In a long list of allegations, including claims that "threats of deportation were made to first-generation migrants if they did not sign postal vote papers to vote Labour", it contends that blank ballot papers were "completed by Labour candidates and activists rather than voters", and that "postal votes were collected in a completed form by Labour party agents, opened, the vote changed and resealed". Here, too, the three winning Labour councillors - Mohammed Islam, Muhammad Afzal and Mohammed Kazi - deny any wrongdoing. All six Labour councillors in Bordesley Green and Aston strenuously deny they had any knowledge of, or consented to, any corrupt practice in the course of their campaigns.
But the fact that these cases are being heard raises huge issues. They coincide with a third case: a former Labour councillor in Blackburn, Mohammed Hussain, faces a possible jail term after pleading guilty last month to conspiracy to rig the 2002 town hall election by getting supporters to fraudulently fill in more than 200 blank postal votes. And alarm bells should be ringing nationwide, because these cases coincide with the build-up to a general election.
They even utter a truth which dare not speak its name.

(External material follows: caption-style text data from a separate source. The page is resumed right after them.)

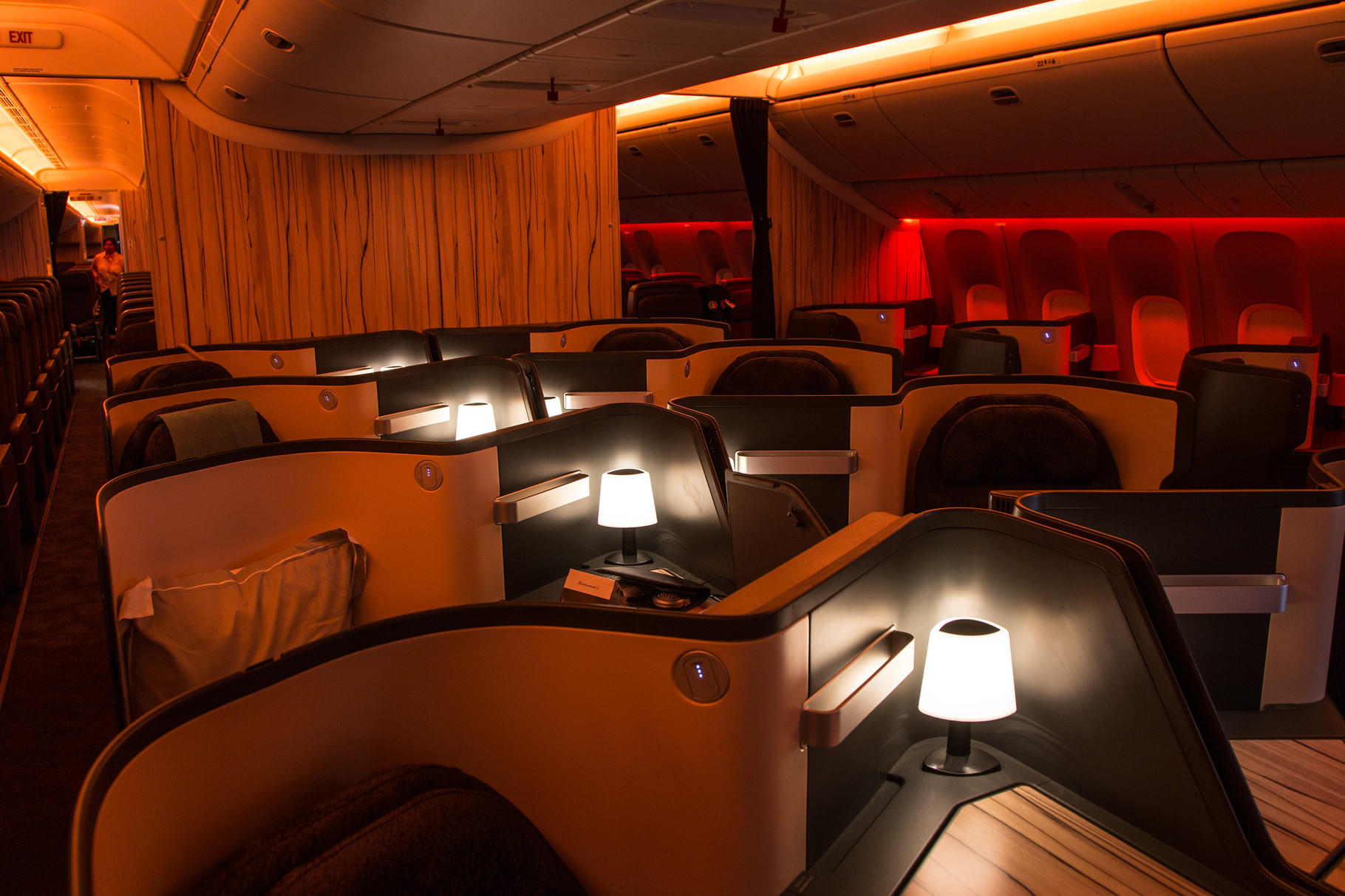 Die Business Class in der Boeing 777 nimmt fast den halben Flieger in Anspruch.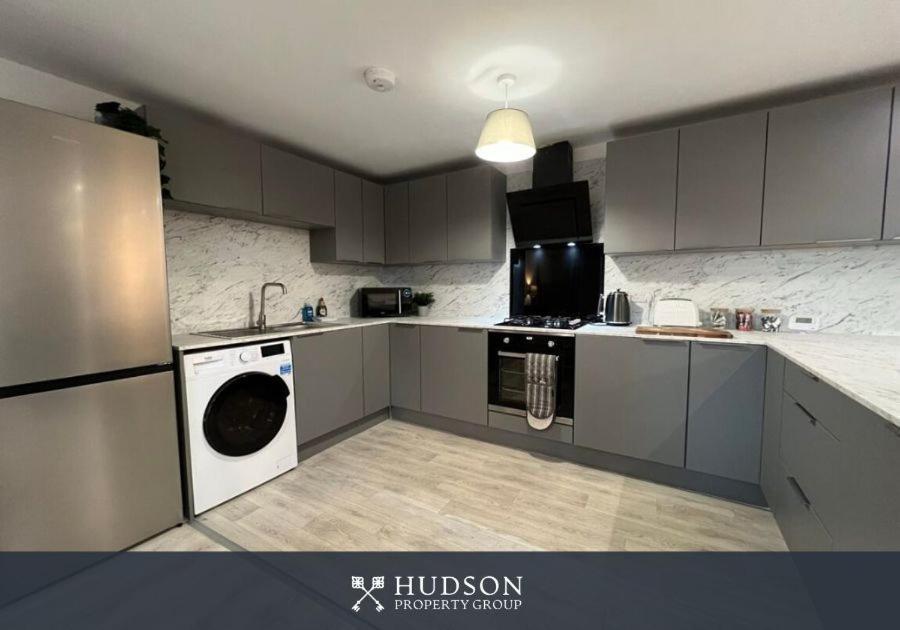 Open Plan Townhouse In Shrewsbury Villa Buitenkant foto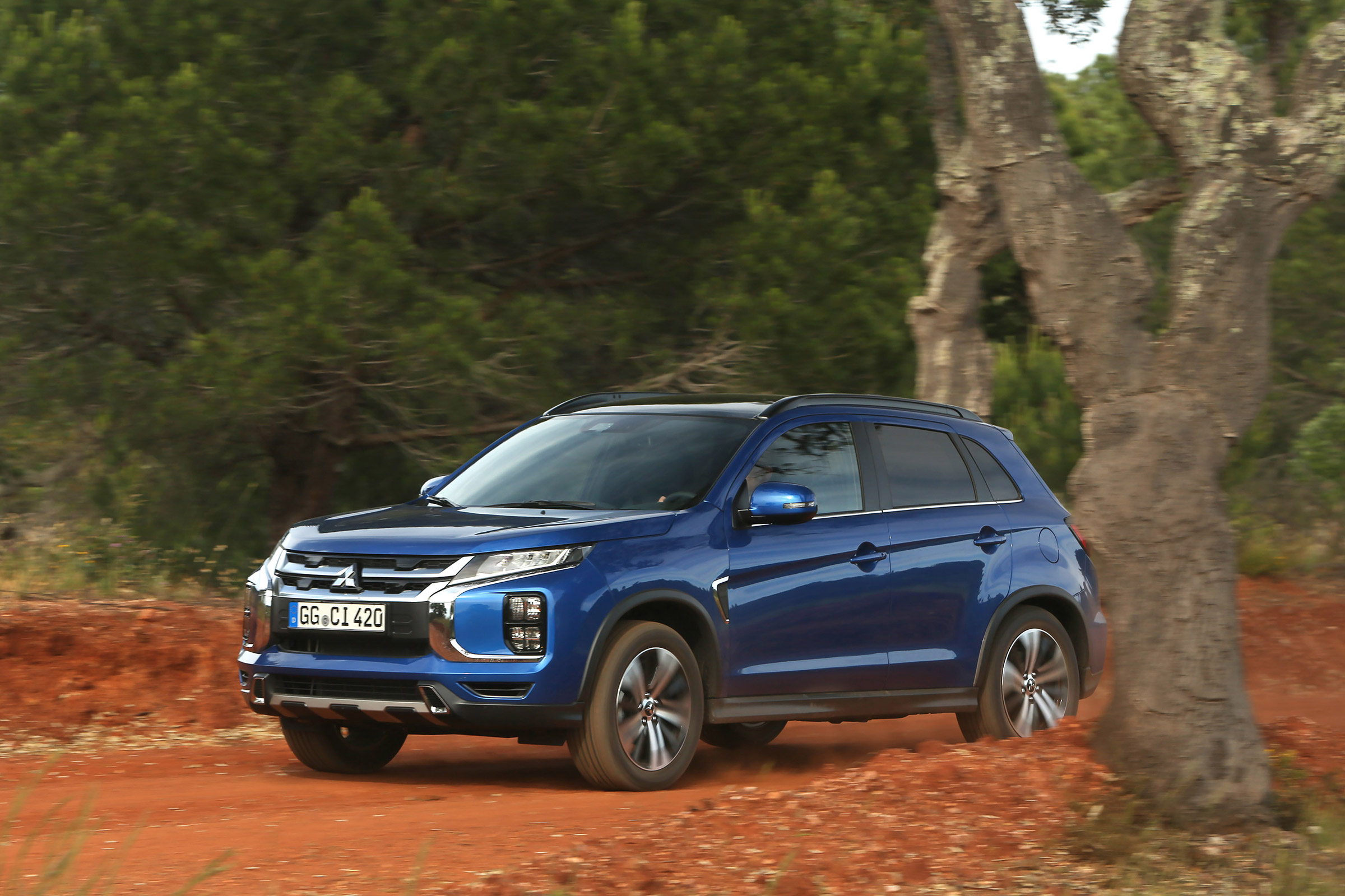 Mitsubishi ASX SUV front 3/4 off-road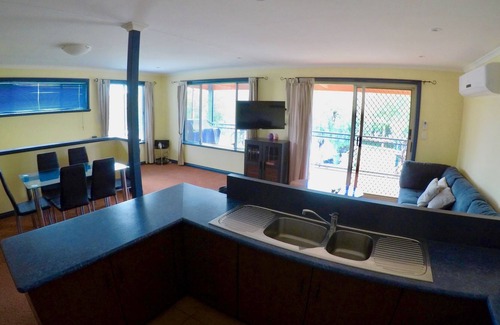 Caloote House | 3 Bedroom Holiday House with River Views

It's a sensitive issue, but electoral bodies and experts privately agree that inner-city areas of high ethnic-minority population are vulnerable to manipulation of the postal vote system. Ayoub Khan says: "One aspect of the culture is a system of hierarchy that doesn't just extend within the family - it extends into the families of your first cousins, second cousins; and within most extended families there are certain adults who play a very key role." In other words, the deep respect in which elders and senior family members are held means that "key adults and community leaders who have affiliated themselves with a party are in a position where they can extract postal votes in the hundreds".
As I posted last summer:
"It is likely that Labour will consider electoral fraud a price well worth paying for an increased turnout. Which means that future elections where the result is tight will be decided by fraud and/or intimidation. Bad will drive out good as the losers decide 'they're doing it, so we'll have to'. The ruling party will be able to tilt the process, as the police ignore fraud by some parties but prosecute frauds by others. A whole new breed of lawyers specialising in electoral law will exist.
The future ? Soviet levels of turnout and Third World levels of fairness."